A new, affordable building system to make New Zealand homes safer in an earthquake is being tested at the University of Canterbury.
A prototype base isolation system for residential houses has been developed by Professor of Structural Engineering Tim Sullivan and his team and is currently being put through its paces on a ‘shake table’ in UC’s Structural Engineering Laboratory.
A room has been specially built for the trial with timber framing and Gib-lined walls on a concrete slab foundation.
The structure is positioned on top of the newly developed, steel base isolation units. Underneath this, a shake table – one of the largest in New Zealand – is being used to recreate ground movements recorded at various locations during the damaging Canterbury earthquakes, as well as other strong historical earthquakes and a simulated Alpine Fault quake.
The research is part of a broader UC and QuakeCoRE project that is developing a range of solutions for low-damage housing in New Zealand.
Results so far show the base isolation units are effective and would have withstood the 2010-2011 Canterbury quakes and 2016 Kaikoura earthquakes (7.1 and 7.8 magnitude respectively), as well as an Alpine Fault scenario, without the room needing any repairs.
Professor Sullivan’s goal is to keep the seismic system as low-cost as possible so it can be widely adopted by homeowners around the country, making their houses significantly safer during future earthquakes.
“What’s been motivating me on this project is the idea of developing something that would avoid damage to housing in a major earthquake, or at least make the likelihood of damage very low,” he said.
“We think what we’ve come up with will prevent damage, and it doesn’t cost an arm and a leg.

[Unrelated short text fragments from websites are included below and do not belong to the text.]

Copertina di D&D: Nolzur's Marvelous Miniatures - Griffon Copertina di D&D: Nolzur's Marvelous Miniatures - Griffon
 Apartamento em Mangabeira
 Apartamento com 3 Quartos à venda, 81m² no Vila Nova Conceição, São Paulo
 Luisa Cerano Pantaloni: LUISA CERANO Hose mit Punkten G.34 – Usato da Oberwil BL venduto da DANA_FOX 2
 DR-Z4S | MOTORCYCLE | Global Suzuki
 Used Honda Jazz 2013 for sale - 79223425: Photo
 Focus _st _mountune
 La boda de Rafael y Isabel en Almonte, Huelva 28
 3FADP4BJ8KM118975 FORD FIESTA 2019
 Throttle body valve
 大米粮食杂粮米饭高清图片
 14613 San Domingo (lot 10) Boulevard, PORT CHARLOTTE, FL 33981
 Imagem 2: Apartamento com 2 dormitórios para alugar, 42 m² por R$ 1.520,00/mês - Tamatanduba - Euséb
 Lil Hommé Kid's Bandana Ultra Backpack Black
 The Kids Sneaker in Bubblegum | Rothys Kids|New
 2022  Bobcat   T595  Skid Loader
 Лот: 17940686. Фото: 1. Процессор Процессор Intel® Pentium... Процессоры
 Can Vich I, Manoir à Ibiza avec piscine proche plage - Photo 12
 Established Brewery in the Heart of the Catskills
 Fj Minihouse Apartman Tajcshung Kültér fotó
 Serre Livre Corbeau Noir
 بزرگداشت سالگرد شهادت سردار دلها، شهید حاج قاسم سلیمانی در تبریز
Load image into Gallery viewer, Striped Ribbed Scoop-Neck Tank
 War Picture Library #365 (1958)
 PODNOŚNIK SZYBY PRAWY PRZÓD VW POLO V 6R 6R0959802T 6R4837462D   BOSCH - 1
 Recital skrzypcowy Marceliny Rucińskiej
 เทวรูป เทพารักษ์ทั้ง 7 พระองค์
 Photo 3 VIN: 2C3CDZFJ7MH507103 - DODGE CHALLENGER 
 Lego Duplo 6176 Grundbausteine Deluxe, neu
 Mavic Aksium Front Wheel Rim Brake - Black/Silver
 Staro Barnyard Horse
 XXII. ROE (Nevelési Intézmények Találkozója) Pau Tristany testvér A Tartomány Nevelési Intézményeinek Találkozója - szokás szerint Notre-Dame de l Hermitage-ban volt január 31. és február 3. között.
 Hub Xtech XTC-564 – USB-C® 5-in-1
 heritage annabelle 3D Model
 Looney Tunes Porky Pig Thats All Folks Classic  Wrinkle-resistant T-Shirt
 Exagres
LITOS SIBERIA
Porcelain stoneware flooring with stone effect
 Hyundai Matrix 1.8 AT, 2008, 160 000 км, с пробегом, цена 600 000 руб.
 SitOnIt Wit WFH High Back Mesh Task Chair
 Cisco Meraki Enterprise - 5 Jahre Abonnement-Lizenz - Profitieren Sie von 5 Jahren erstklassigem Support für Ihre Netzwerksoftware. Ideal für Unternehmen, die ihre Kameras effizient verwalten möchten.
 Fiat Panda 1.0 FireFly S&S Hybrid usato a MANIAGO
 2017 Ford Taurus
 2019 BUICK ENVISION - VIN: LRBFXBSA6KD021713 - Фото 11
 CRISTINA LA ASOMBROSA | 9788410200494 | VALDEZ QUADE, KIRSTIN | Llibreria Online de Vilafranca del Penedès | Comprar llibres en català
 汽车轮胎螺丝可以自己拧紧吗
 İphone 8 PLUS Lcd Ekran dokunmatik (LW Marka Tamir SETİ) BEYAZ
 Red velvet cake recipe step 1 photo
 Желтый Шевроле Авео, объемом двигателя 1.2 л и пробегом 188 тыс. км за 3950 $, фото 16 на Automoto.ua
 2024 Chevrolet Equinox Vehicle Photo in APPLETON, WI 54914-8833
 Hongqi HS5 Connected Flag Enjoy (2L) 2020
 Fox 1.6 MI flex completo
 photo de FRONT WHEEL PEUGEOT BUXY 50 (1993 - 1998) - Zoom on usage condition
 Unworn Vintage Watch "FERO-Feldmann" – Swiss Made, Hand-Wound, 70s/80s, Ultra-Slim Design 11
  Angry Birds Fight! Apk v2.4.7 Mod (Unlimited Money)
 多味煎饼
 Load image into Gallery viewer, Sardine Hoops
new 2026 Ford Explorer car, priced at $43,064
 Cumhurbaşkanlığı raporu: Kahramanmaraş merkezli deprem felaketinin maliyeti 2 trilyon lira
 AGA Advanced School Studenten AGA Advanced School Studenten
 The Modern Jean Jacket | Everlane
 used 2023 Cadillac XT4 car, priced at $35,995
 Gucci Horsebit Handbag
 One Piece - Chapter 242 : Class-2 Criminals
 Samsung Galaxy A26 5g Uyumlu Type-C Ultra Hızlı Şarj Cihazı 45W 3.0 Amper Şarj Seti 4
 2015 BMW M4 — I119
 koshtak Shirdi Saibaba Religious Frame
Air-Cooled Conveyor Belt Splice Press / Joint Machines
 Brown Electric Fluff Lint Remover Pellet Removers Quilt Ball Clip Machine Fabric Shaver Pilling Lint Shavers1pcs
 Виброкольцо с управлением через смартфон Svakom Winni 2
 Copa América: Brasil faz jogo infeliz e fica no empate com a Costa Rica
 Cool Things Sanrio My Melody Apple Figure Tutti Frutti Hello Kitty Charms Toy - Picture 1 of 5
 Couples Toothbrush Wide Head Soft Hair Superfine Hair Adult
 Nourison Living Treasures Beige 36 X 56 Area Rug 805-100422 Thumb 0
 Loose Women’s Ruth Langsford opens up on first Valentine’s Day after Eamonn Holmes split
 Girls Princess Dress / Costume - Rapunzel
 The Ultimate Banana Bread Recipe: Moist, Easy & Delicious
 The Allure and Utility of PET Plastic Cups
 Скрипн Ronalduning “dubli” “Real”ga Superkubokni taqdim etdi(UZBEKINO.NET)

It also promises to reduce the disruption caused by a major quake, helping communities recover more quickly.”
Base isolation systems, developed to prevent or minimise damage during an earthquake, are primarily used in commercial or civic buildings in New Zealand because they are usually expensive and require specialised engineering.
But the UC research team – which includes Engineering PhD student Tom Francis and Structural Engineering Laboratory Manager John Maley, with international support provided by Professor Andre Filiatrault, based in Italy – has created a new type of base isolation system that’s designed for residential houses.
Their aim is to keep the total cost of manufacturing and installing the base isolation system to about $15,000 for a typical three-bedroom house. A key to achieving this is the simple nature of the devices, which are expected to cost about 10 per cent of the cost of base isolation devices currently used in commercial building projects.
Professor Sullivan says houses in New Zealand currently perform well in terms of saving people’s lives, but there is room for improvement in terms of preventing damage to the structure and its contents.
“Very few people die in houses during an earthquake, but $16 billion of the $40 billion paid out by the Earthquake Commission following the Canterbury earthquakes was for damage in the residential housing sector. While around half of these losses were linked to ground damage [liquefaction and lateral spreading], the damage to houses caused by ground shaking was significant and needs to be reduced,” he says.
“Research has shown that the most upsetting thing for a lot of people wasn’t the earthquake itself, it was dealing with insurance claims, the potential loss of value for their houses, and the damage to their belongings. If we can avoid that, then I think there will be psychosocial benefits.”
So far, testing has shown the system is able to limit building deformations, preventing damage to walls and cladding, and keeping floor and roof accelerations low.
This reduces the likelihood of damage to homes and their contents. “We think it will also reduce problems caused by torsion, or twisting, that can occur with some house designs during a quake,” Professor Sullivan said.
“Once we get a few building companies doing this it will become more competitive and more affordable. We’re also hoping it could lend itself to faster construction and modular housing, which could be useful in combating the current housing shortages.”
He is applying for more research funding so the system can be further developed and improved.
Tom Francis says the current testing phase using an actual structure allows the team to model residential buildings more accurately.
“It means we are able to understand how much money can be saved over the lifetime of a residential building by limiting earthquake damage using the base isolation system,” he said.
How does the new base isolation system work?
The main hurdle to overcome during the design stage for the innovative system was balancing the need for a house to be stable in high winds but also able to flex and absorb shock from an earthquake.
The system is created by installing several steel base isolation units under the concrete foundation of a house, which work in a similar way to traditional piles. The concrete slab includes steel plates that float and slide on small round discs in the units, which Professor Sullivan calls ‘pucks’, allowing the house to move around in a quake and absorb the displacements and accelerations imposed by ground shaking.
The system is compatible with common building techniques for New Zealand houses and can be used under steel and timber-framed buildings or other typical structures.
It’s designed to be easy to repair after an earthquake and as sustainable as possible, with recycled, biodegradable cardboard used to create a cavity under the foundation.
At the end of the trial the room built in the lab will be subjected to the same high-intensity earthquake simulations on the shake table without any base isolation units in place to measure and demonstrate how much damage occurs without the new technology.